Wie ich bereits erwähnte, gab ich einmal auch in einem Dorfe Unterricht. Mein Schüler zeigte mir, wie am Ende des Sommers alle Vöglein zusammenflogen, um unser Land noch vor Wintersanfang zu verlassen … Ich sah, wie sie sich zu ganzen Heeren versammelten und davonflogen in weite Fernen …
Die kleinen Vöglein können und wollen hier nicht bei Schnee und Frost bleiben … In dieser Zeit hat hier so ein armes Vöglein keinerlei Lebensmöglichkeit … Und die Vöglein wissen es, sie fühlen es, daß der Winter naht, daß ihr Todesengel kommt …
Doch einmal sah ich, wie ein armes verkrüppeltes Vöglein mit einem gebrochenen Flügel auf der nassen, kalten Erde herumhüpfte; es piepste und konnte sich nicht vom Boden erheben, um den großen Vögeln nachzufliegen. Es war wirklich ein Jammer, zu sehen, wie das arme Vöglein keinen Platz finden konnte, wie es immer hüpfte und hüpfte, und den andern freien Vögeln, die schon davonflogen, nachsah …

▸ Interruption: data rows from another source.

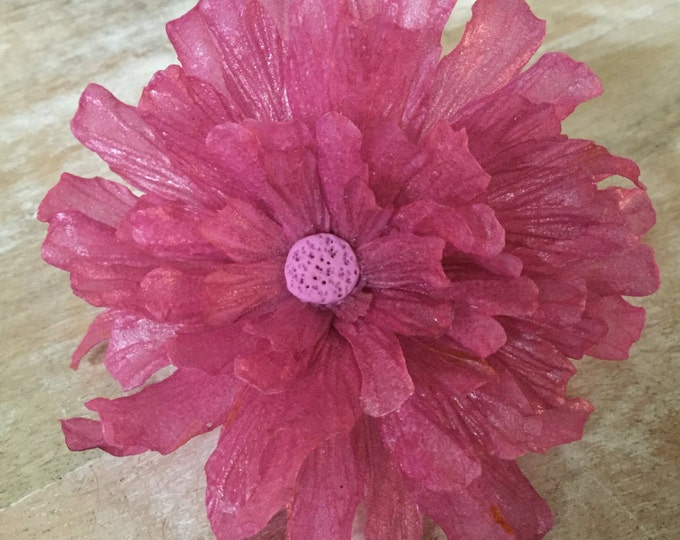 Edible Dahlia, Wafer Paper Flower for Cakes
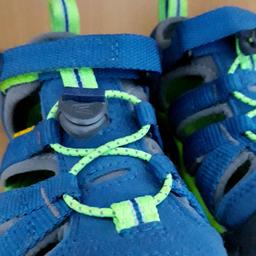 Zum Verkauf stehen diese dunkelblau und grüne Schuhe.

🔵Selten getragen
⚪Größe: 27/28
🔵Selbstabholung
⚪Tierfreier und Nichtraucher Haushalt
🔵Sehr gute marke
⚪Zum Waschen in der Waschmaschine geeignet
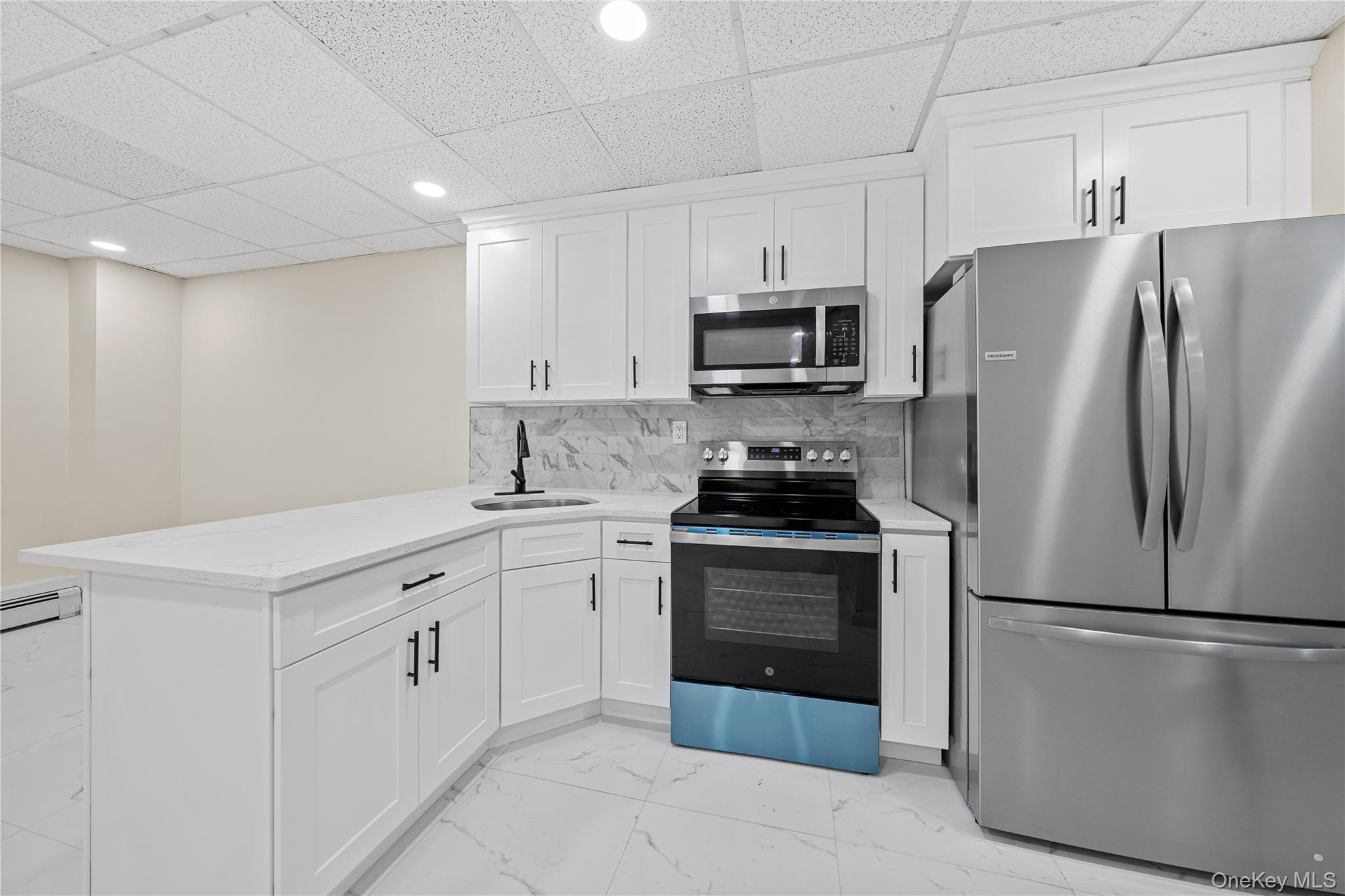 Single Family Eastwood Suffolk County, NY 11764, MLS-935934-33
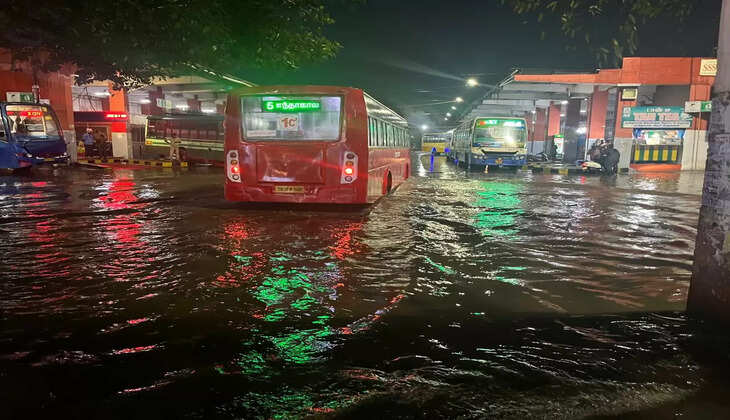 குளம் போல் மாறிய சாலைகள்... சுரங்கப்பாதையில் சிக்கிய பேருந்து... 35 பயணிகள் மீட்பு!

Damals sagte ich mir: diesem kranken Vögelchen gleicht die Seele des Unwissenden!…
Fliegen können sie nicht, denn sie haben keine Flügel – keine Thora! Gib ihnen Thora, gib ihnen Flügel, so werden auch sie fliegen in die fernen Welten!
Man hat ihnen aber die Flügel zerbrochen, und darum hüpfen sie immer im kalten Straßenschmutz herum … Darum müssen sie schamlose Reden führen oder Karten spielen: der Reiche im Salon, der Arme in der Schenke …
Doch wollen wir zur Sache zurückkehren!
Also ich sitze und studiere. Die paar Leute, die noch im Bethause waren, sind einer nach dem andern heimgegangen. Der Schuldiener ging als letzter fort.
Was geht es mich an? Ich sehe es ja gar nicht!